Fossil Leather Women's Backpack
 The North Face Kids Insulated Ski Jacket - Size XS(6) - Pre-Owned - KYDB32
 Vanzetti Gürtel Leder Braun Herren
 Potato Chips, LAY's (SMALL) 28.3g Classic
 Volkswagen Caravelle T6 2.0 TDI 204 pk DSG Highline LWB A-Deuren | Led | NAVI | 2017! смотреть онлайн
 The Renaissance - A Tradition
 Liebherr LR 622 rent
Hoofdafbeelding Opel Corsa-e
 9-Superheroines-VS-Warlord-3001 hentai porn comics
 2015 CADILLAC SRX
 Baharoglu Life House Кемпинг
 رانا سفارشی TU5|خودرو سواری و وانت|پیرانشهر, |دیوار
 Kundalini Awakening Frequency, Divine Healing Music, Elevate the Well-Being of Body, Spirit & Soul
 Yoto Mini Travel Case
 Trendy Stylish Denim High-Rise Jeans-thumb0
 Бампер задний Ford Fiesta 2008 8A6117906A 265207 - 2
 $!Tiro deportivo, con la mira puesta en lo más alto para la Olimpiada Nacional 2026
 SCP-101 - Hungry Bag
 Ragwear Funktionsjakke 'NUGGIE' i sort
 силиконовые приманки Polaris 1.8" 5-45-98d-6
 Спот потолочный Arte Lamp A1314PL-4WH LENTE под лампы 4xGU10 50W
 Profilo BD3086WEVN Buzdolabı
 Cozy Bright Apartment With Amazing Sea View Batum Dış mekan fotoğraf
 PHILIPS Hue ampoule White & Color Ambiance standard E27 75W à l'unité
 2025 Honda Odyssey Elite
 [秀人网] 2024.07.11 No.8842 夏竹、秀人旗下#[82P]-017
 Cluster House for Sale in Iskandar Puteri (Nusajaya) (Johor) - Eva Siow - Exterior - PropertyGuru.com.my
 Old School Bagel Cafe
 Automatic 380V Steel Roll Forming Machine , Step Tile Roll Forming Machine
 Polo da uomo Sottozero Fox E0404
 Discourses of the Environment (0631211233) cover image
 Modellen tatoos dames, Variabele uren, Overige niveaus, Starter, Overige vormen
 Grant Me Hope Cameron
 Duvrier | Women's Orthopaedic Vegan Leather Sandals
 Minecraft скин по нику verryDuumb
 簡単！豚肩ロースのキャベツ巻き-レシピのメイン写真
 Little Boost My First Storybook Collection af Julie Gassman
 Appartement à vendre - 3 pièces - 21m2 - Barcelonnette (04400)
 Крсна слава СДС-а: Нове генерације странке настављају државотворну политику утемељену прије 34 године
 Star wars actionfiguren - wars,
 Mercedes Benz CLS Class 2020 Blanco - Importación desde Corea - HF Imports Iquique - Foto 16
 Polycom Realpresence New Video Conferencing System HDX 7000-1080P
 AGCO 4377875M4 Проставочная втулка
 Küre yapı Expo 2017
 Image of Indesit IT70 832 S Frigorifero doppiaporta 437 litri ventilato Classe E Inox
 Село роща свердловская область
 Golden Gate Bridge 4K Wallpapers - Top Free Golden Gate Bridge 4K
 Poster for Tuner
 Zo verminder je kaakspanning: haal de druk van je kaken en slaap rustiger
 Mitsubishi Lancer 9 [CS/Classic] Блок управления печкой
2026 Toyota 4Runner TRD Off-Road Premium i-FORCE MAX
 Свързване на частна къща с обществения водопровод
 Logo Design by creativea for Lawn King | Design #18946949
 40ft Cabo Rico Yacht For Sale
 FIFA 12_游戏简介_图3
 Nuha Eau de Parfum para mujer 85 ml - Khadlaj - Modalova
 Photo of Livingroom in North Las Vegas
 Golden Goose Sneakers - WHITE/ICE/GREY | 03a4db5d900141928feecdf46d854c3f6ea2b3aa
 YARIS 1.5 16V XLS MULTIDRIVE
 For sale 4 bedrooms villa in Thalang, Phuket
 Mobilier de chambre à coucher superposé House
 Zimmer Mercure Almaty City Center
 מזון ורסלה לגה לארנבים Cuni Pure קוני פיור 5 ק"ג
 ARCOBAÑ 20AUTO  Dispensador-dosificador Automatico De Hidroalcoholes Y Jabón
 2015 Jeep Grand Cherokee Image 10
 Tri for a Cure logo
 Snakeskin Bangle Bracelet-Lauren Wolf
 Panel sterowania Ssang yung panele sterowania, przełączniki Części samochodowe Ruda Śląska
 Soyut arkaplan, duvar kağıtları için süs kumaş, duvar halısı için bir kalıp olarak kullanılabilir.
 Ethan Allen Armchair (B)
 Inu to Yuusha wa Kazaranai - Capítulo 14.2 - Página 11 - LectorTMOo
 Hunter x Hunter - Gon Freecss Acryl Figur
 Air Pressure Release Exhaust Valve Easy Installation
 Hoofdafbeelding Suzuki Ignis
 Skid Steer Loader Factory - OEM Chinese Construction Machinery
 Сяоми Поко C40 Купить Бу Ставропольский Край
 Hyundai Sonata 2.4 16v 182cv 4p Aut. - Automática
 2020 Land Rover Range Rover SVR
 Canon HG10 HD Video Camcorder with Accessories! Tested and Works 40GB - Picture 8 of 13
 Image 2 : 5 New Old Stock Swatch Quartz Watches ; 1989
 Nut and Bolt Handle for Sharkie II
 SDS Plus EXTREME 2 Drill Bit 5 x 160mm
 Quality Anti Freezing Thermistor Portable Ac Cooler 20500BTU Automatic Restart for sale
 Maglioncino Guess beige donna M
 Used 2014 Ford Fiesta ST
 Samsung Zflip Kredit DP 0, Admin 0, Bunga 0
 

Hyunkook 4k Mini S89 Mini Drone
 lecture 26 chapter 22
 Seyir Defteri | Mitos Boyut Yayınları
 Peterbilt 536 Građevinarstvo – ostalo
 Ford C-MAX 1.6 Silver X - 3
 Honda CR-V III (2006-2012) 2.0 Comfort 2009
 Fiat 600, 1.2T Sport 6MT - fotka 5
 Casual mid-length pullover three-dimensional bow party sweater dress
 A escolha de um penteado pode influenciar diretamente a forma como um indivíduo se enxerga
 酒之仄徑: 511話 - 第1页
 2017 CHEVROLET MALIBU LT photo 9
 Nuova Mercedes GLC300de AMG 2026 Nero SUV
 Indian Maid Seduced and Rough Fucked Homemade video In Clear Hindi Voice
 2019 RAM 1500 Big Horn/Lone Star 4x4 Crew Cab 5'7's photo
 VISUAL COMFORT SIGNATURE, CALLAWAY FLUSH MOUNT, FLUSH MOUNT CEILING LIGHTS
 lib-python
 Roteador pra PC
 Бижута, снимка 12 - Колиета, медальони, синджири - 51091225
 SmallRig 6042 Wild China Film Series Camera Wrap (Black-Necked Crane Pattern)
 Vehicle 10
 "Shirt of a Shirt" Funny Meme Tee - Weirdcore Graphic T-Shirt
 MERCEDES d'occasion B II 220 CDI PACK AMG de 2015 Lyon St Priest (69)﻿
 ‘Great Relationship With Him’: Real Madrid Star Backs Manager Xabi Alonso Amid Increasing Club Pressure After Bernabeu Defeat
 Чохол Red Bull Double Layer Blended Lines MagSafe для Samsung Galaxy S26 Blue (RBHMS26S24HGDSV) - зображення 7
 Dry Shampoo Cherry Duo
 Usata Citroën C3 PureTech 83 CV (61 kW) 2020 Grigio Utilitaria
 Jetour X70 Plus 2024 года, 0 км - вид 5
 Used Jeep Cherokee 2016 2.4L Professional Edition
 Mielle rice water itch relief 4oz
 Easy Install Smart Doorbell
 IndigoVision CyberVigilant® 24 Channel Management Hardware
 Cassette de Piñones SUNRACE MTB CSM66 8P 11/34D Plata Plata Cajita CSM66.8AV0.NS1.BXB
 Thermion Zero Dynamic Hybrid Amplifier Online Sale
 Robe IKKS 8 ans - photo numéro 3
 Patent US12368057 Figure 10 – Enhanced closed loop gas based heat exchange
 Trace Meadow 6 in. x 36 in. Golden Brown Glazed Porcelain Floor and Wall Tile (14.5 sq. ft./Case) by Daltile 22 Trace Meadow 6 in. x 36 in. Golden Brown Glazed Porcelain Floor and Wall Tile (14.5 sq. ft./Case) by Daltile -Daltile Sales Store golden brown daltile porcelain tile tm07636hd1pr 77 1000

____________

:: Work instructions ::
Each line in the listing above from the one containing "Panel sterowania Ssang" through the one containing "Usata Citroën C3" should be repeated exactly, and no other line.

:: Task answer ::
 Panel sterowania Ssang yung panele sterowania, przełączniki Części samochodowe Ruda Śląska
 Soyut arkaplan, duvar kağıtları için süs kumaş, duvar halısı için bir kalıp olarak kullanılabilir.
 Ethan Allen Armchair (B)
 Inu to Yuusha wa Kazaranai - Capítulo 14.2 - Página 11 - LectorTMOo
 Hunter x Hunter - Gon Freecss Acryl Figur
 Air Pressure Release Exhaust Valve Easy Installation
 Hoofdafbeelding Suzuki Ignis
 Skid Steer Loader Factory - OEM Chinese Construction Machinery
 Сяоми Поко C40 Купить Бу Ставропольский Край
 Hyundai Sonata 2.4 16v 182cv 4p Aut. - Automática
 2020 Land Rover Range Rover SVR
 Canon HG10 HD Video Camcorder with Accessories! Tested and Works 40GB - Picture 8 of 13
 Image 2 : 5 New Old Stock Swatch Quartz Watches ; 1989
 Nut and Bolt Handle for Sharkie II
 SDS Plus EXTREME 2 Drill Bit 5 x 160mm
 Quality Anti Freezing Thermistor Portable Ac Cooler 20500BTU Automatic Restart for sale
 Maglioncino Guess beige donna M
 Used 2014 Ford Fiesta ST
 Samsung Zflip Kredit DP 0, Admin 0, Bunga 0
 

Hyunkook 4k Mini S89 Mini Drone
 lecture 26 chapter 22
 Seyir Defteri | Mitos Boyut Yayınları
 Peterbilt 536 Građevinarstvo – ostalo
 Ford C-MAX 1.6 Silver X - 3
 Honda CR-V III (2006-2012) 2.0 Comfort 2009
 Fiat 600, 1.2T Sport 6MT - fotka 5
 Casual mid-length pullover three-dimensional bow party sweater dress
 A escolha de um penteado pode influenciar diretamente a forma como um indivíduo se enxerga
 酒之仄徑: 511話 - 第1页
 2017 CHEVROLET MALIBU LT photo 9
 Nuova Mercedes GLC300de AMG 2026 Nero SUV
 Indian Maid Seduced and Rough Fucked Homemade video In Clear Hindi Voice
 2019 RAM 1500 Big Horn/Lone Star 4x4 Crew Cab 5'7's photo
 VISUAL COMFORT SIGNATURE, CALLAWAY FLUSH MOUNT, FLUSH MOUNT CEILING LIGHTS
 lib-python
 Roteador pra PC
 Бижута, снимка 12 - Колиета, медальони, синджири - 51091225
 SmallRig 6042 Wild China Film Series Camera Wrap (Black-Necked Crane Pattern)
 Vehicle 10
 "Shirt of a Shirt" Funny Meme Tee - Weirdcore Graphic T-Shirt
 MERCEDES d'occasion B II 220 CDI PACK AMG de 2015 Lyon St Priest (69)﻿
 ‘Great Relationship With Him’: Real Madrid Star Backs Manager Xabi Alonso Amid Increasing Club Pressure After Bernabeu Defeat
 Чохол Red Bull Double Layer Blended Lines MagSafe для Samsung Galaxy S26 Blue (RBHMS26S24HGDSV) - зображення 7
 Dry Shampoo Cherry Duo
 Usata Citroën C3 PureTech 83 CV (61 kW) 2020 Grigio Utilitaria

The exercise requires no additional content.